The gold rush ongoing at Hueypetue exhibits a multitude of characteristics that are discordant with the concepts of sustainable development that have become the paradigm of Southern development during the past decade. The precarious existence of the workers, exploitation of indigenous peoples, rampant environmental degradation, and the inefficient means of extraction collectively identify urgency to reign-in the uncontrolled nature this industry. The political ecology framework utilized in this analysis suggests the existence of numerous, complex, and often complementary factors that continue to collectively coerce the Peruvian national government to officially ignore the presence of the gold rush. Through this willful pseudo-ignorance, the government allows large amounts of revenues to escape the national treasury while thousands of Peruvians working the gold fields are left at risk without social services.

This analysis also finds that elements of chance with regard to timing play significant roles in Amazonian development. The discovery of gold at Serra Pelada prompted a runaway response because it coincided with historic highs in the price of gold; equally, it was this same frenzy that was instrumental in the Brazilian governmental intervention that established regulation and management at that site.
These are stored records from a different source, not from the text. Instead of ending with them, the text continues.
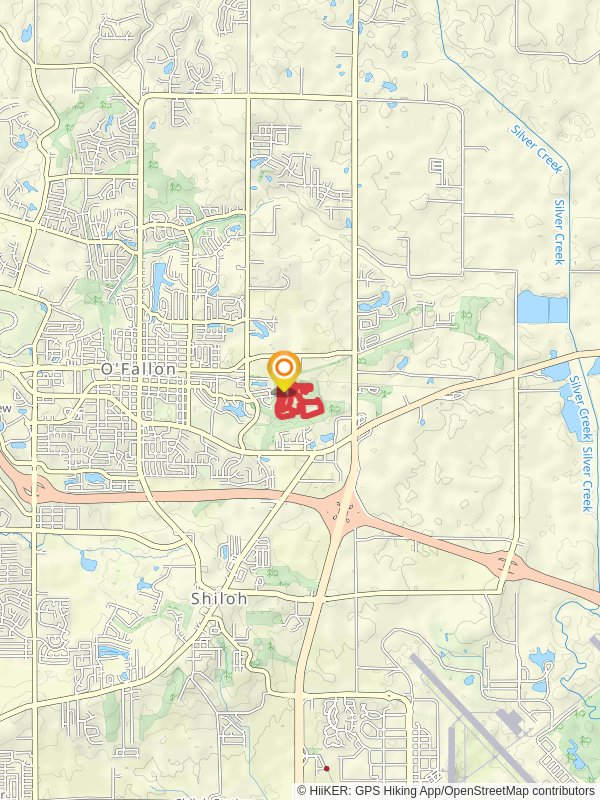 Rock Springs Park Loop Trail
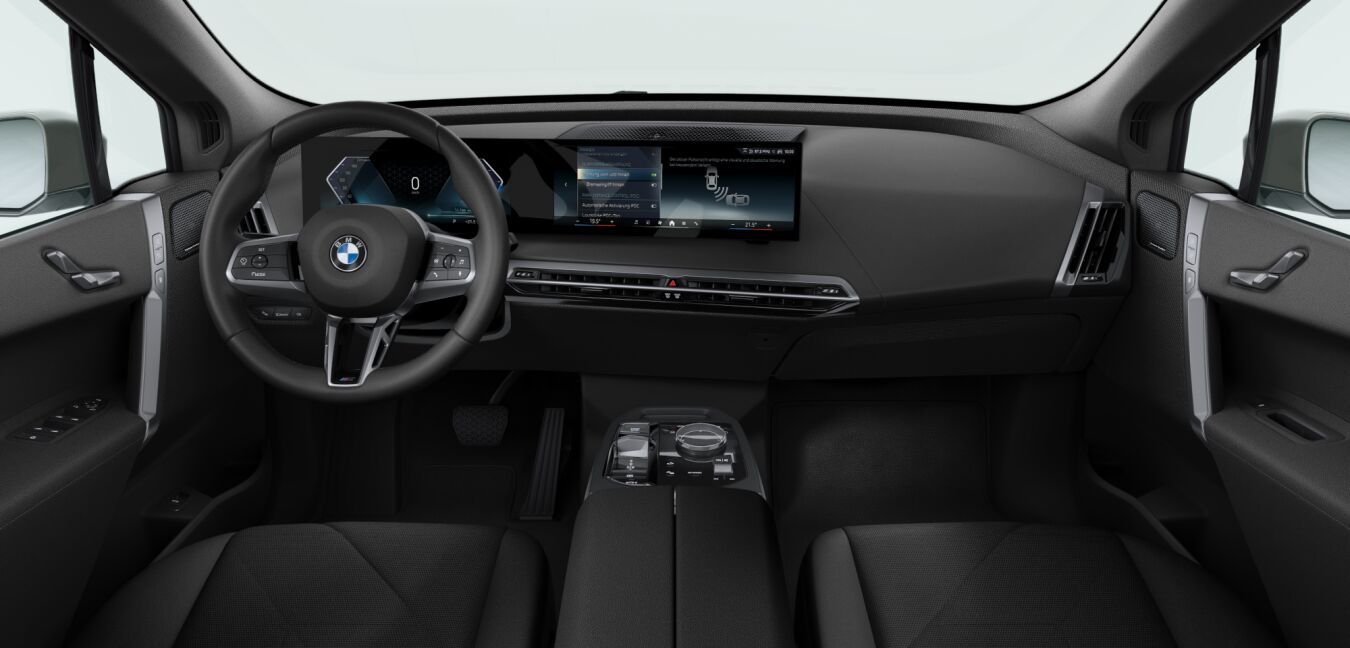 BMW BMW I im Innenraum von vorne BMW BMW I im Innenraum von vorne
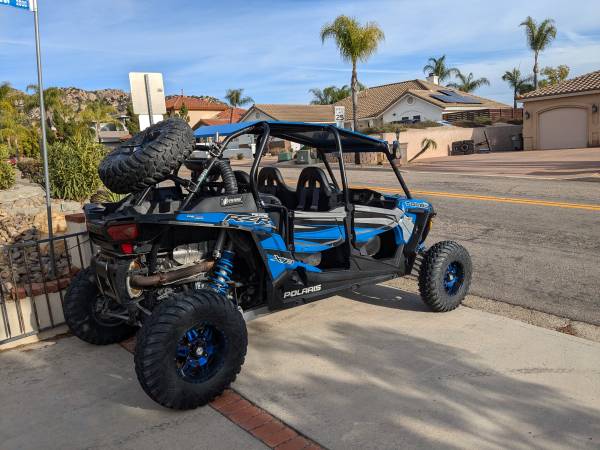 2018 Polaris RZR turbo 4 seater 1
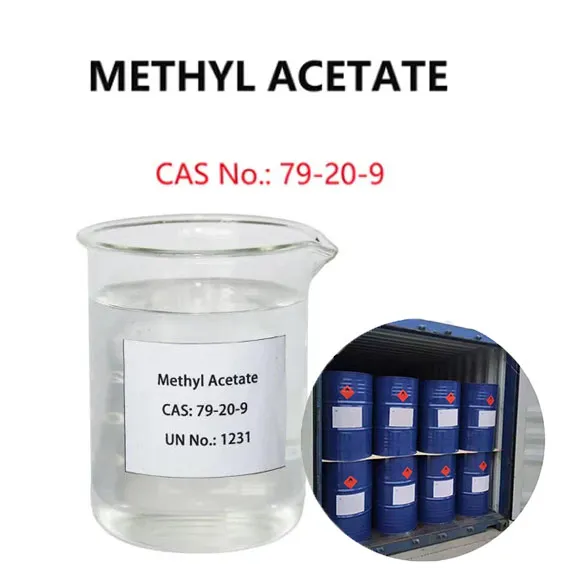 Kemisk metylacetat (MeOAc)/ättiksyra metylester CAS 79-20-9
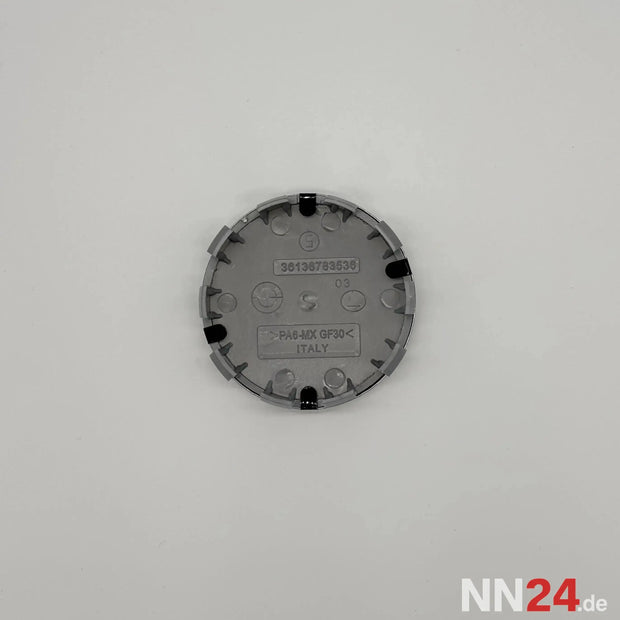 4er Set BMW Nabendeckel Klassisch All Black nabennerd24.de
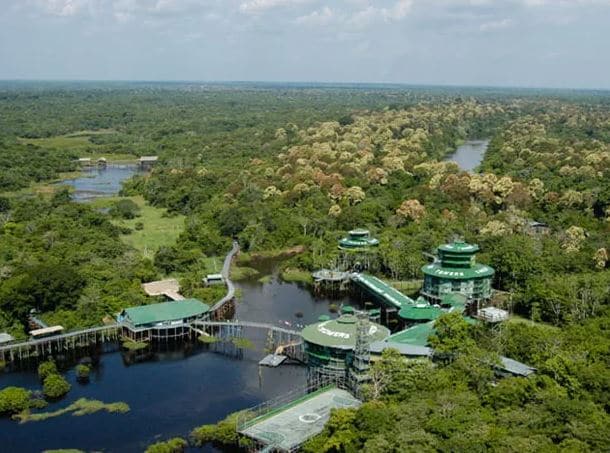 Justiça decreta falência do Hotel de Selva Ariaú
In the case of Hueypetue, the critical missed moment for the government or corporate interests to establish management over gold works may have been the onset of the 1972 gold rush when the Velasco regime’s nationalization interventions deterred foreign investment that might have otherwise provided structure to later developments. Instead, local autonomy over gold production became entrenched and remains so to the present day.

Many questions remain. To where does all the gold produced at Hueypetue disappear? Where does the capital generated end up? Could the massive importation of heavy machinery have been achieved without the government facilitating, or even orchestrating the process? Are the multinational corporations who provided the bulldozers (Case, Caterpiller and Volvo) accountable for the enormous destruction to the rainforest that is being wreaked by their machinery? Much further investigation remains to be undertaken before such questions can be addressed.